Saturday, 20 June 2009

Working Capital Cycle & Working Capital Management

Working Capital

This measures the funds that are readily available to operate a business.

Working capital comprises the total net current assets of a business, which are its stocks, debtors and cash - minus its creditors.

Why it is important

It is vital for a company to have sufficient working capital to meet all its requirements.

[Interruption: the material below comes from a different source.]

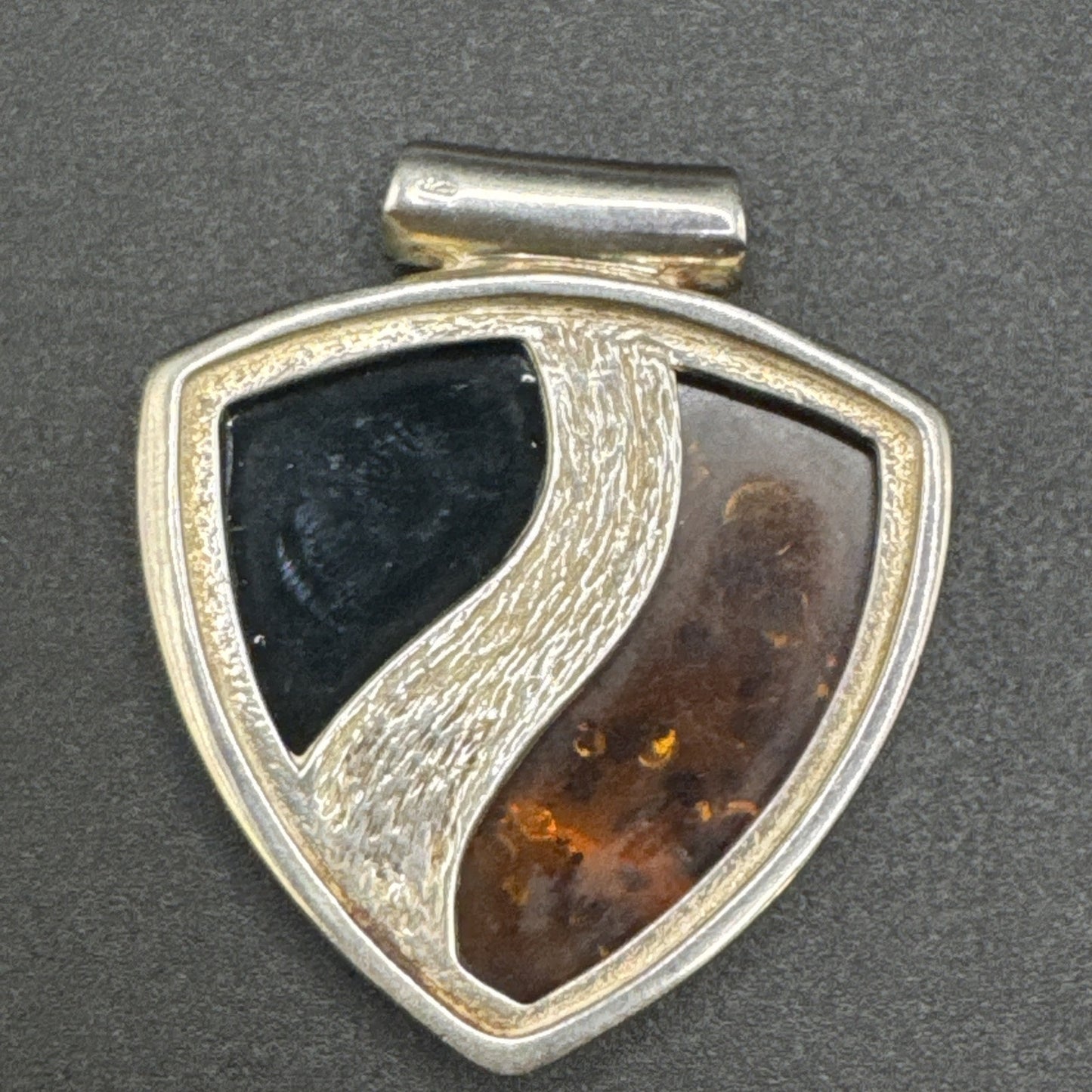 Large Multi Amber Pendant Slider 925 P2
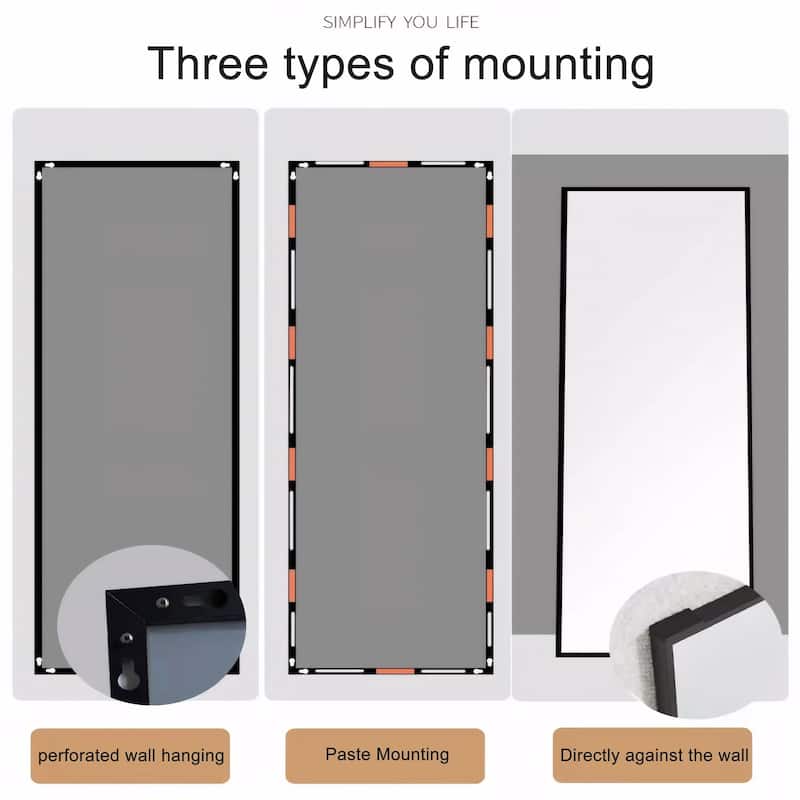 Full Length Mirror - Black Aluminum Alloy Frame, Leaning/Wall Mounted, Shatter-Proof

The faster a business expands, the greater will be its working capital needs.

If current assets do not exceed current liabilities, a company may well run into trouble paying creditors who want their money quickly.

Indeed, the leading cause of business failure is not lack of profitability, but rather lack of working capital, which helps to explain why some experts advise: 'Use someone else's money every chance you get and don't let anyone else use yours.'

How it works in practice

Working capital is also called net current assets or current capital.

Working capital = Current assets - Current liabilities

Current assets are cash and assets that can be converted to cash within one year or a normal operating cycle; current liabilities are monies owed that are due within one year.

What is working capital cycle

The working capital cycle describes capital (usually cash) as it moves through a company:

  • it first flows from a company to pay for supplies, materials, finished goods inventory, and wages to workers who produce goods and services.

  • It then flows into a company as goods and services are sold and as new investment equity and loans are received.
Each stage of the cycle consumers time.

The more time the stages consume, the greater the demand on working capital.

Cash ----> pay for supplies, materials, finished goods inventory and wages to workers who produce goods and services ---> goods and services are sold and new investment equity and loans are received ---> Cash

Tricks of the trade

- Good management of working capital includes action like collecting receivables faster and moving inventory more quickly; generating more cash increases working capital.

- While it can be tempting to use cash to pay for fixed assets like computers or vehicles, doing so reduces the amount of cash available for working capital.

- If working capital is tight, consider other ways of financing capital investment, such as loans, fresh equity, or leasing.

- Early warning signs of insufficient working capital include:

  • pressure on existing cash;
  • exceptional cash generating activities such as offering high discounts for early payment;
  • increasing lines of credit;
  • partial payments to suppliers and creditors;
  • a preoccupation with surviving rather than managing;
  • frequent short-term emergency requests to the bank, for example, to help pay wages, pending receipt of a cheque.

- Several ratios measure how effectively and efficiently working capital is being used. (Key Working Capital Ratios : Stock Turnover(in days), Receivables Ratio(in days) , Payables Ratio(in days) , Current Ratio, Quick Ratio, Working Capital Ratio)

Also read:

Working Capital Management

Working capital management involves the relationship between a firm's short-term assets and its short-term liabilities. The goal of working capital management is to ensure that a firm is able to continue its operations and that it has sufficient ability to satisfy both maturing short-term debt and upcoming operational expenses. The management of working capital involves managing inventories, accounts receivable and payable, and cash.